Saturday, December 12, 2009

When cookbooks lead you astray

Recently I tried the Baked Chicken, Lemon and Pea Risotto recipe from Donna Hay's "Off the Shelf."



I'm always looking for recipes I can make when I get home from work that don't require too much from me. Ours isn't a household that shares the cooking: it's just me or the lovely folks over at Mina's Thai restaurant. The spouse can make a box of mac and cheese and he does so quite willingly, but, well, you know. It's not exactly cooking (sorry sweetie... I love you...you don't cook.)

The Donna Hay caught my eye because:

  • It had gorgeous photos of all the dishes 
  • They seemed easy enough.

So on to the risotto tale. It was excellent. The leek and lemon flavors blended really nicely with the moist chunks of chicken. Also, anything I can dump in chicken stock, rice and add heat to and it tastes good? Well, I'm in. And it made a LOT of food. Which is essential in our house where the above spouse can fill his lanky frame to the brim with massive quantities of food.
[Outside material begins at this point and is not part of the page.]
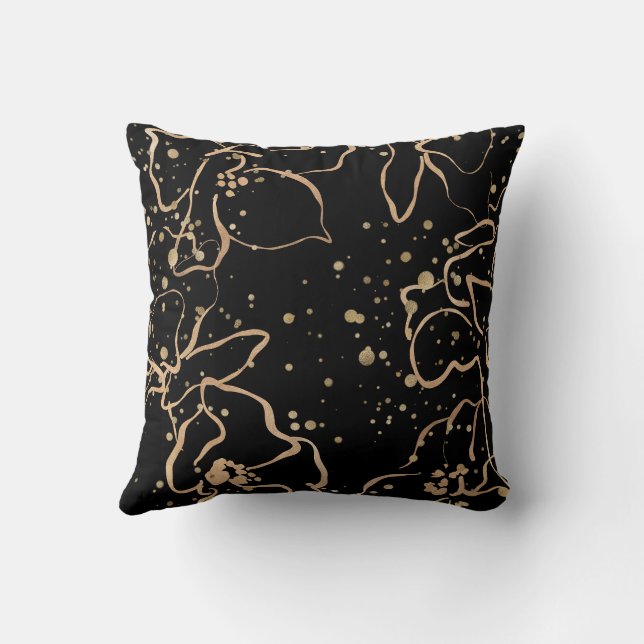 Coussin Floral d'or noir (Verso)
The rice never got soft and risotto-y. It was al dente at best. I followed the directions. I didn't add anything or even cut a corner. And yet? Not really what Hay was suggesting it would be. We ate it. It wasn't horrible. Just resulted in us looking at each other garbling, "Crunchy!" while we munched.

Which reminds me of another cookbook-astray-leading... the Barefoot Contessa. Ina! You brilliant bitch! That turkey meatloaf recipe is divine. But it appears that you created a recipe to serve an entire army of hungry spouses rather than just the one.




Having never cooked much with ground turkey, I thought, "huh, that's a LOT of turkey in there--maybe it shrinks or something." Even the spouse was surprised at the size of the giant raw loaf going into the oven.

Ground turkey doesn't shrink.

It's just a ginormous meat loaf recipe. We had leftovers for nearly two weeks. It was the loaf that just wouldn't die. And no one wants to eat that much turkey meat loaf. Seriously.

It's hard to write a recipe that is easy to follow, easy to recreate, and that will be the right amount in your readers' expectations.

What's is easy? Selling me a book with gorgeous pictures of food. At least they've got that down!